--- START ---
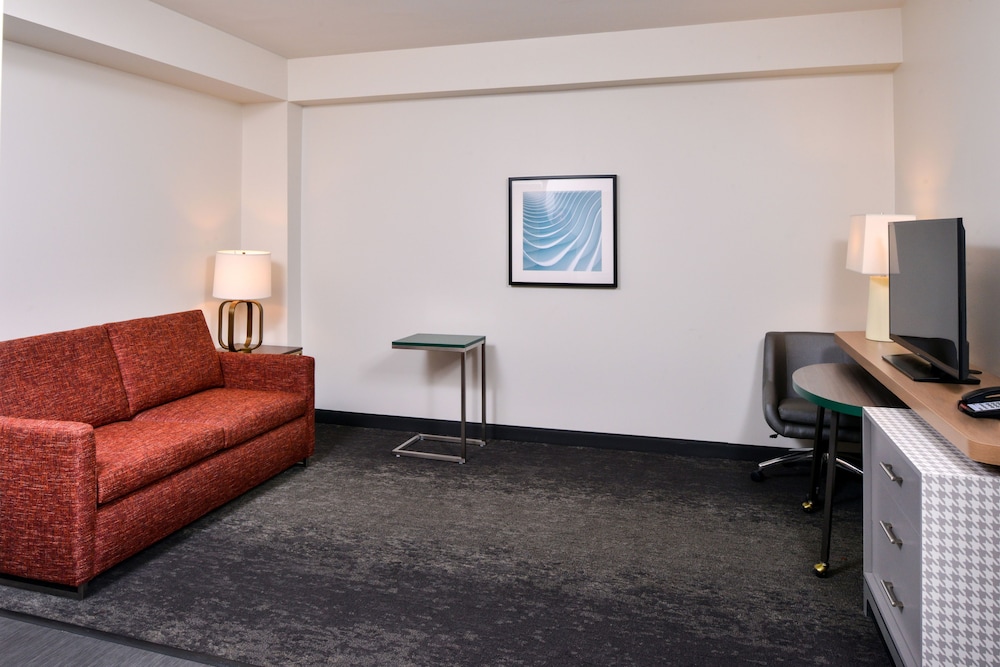 holiday inn farmingtom hills detriot nw
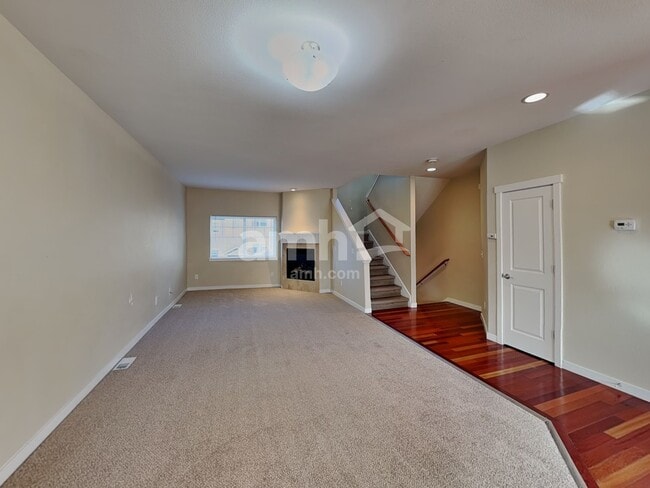 Foto del edificio - 7353 Rainier Dr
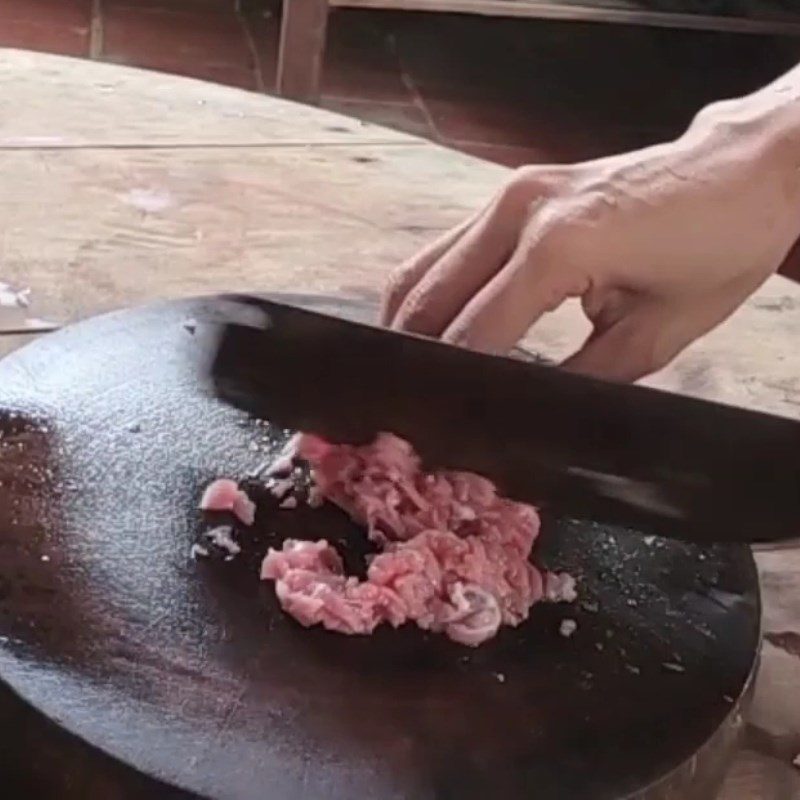 Step 1 Prepare the ingredients for Beef and Water Spinach Porridge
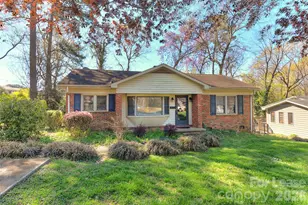 1308 Mockingbird Ln, Charlotte, NC 28209 - Photo 1
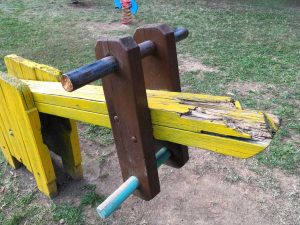 Vejano - Uno dei giochi del parco rotto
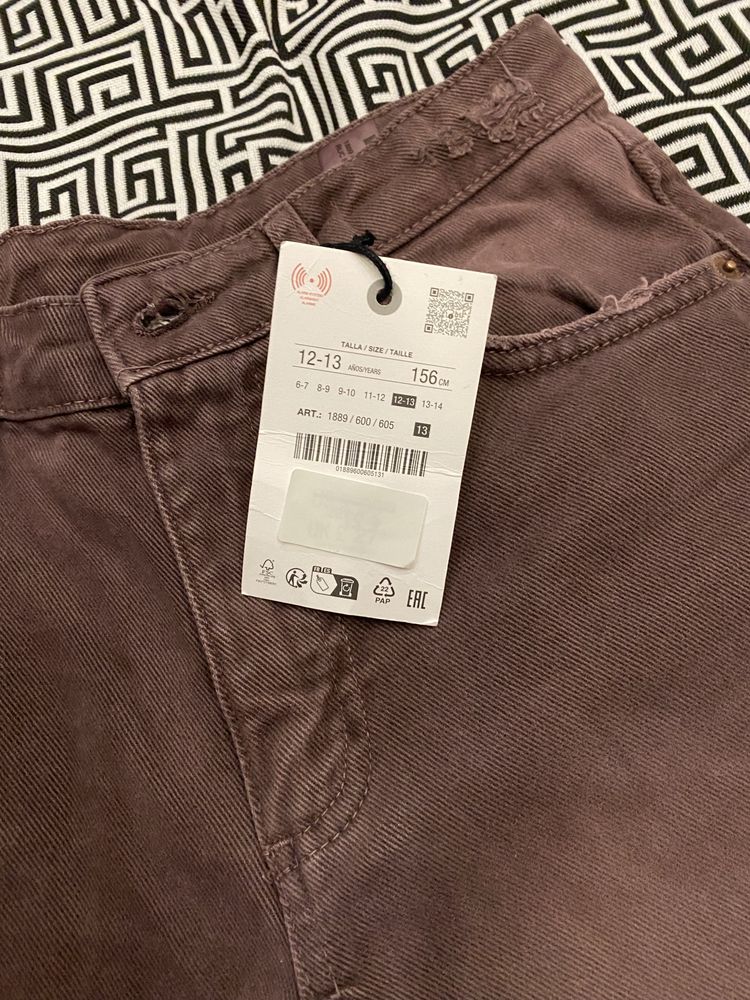 Нови Дънки на Zara с етикет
--- END ---
» **About this task**:
With every picture removed, give the entries above again exactly.

» **Answer to this task**:
 holiday inn farmingtom hills detriot nw
 Foto del edificio - 7353 Rainier Dr
 Step 1 Prepare the ingredients for Beef and Water Spinach Porridge
 1308 Mockingbird Ln, Charlotte, NC 28209 - Photo 1
 Vejano - Uno dei giochi del parco rotto
 Нови Дънки на Zara с етикет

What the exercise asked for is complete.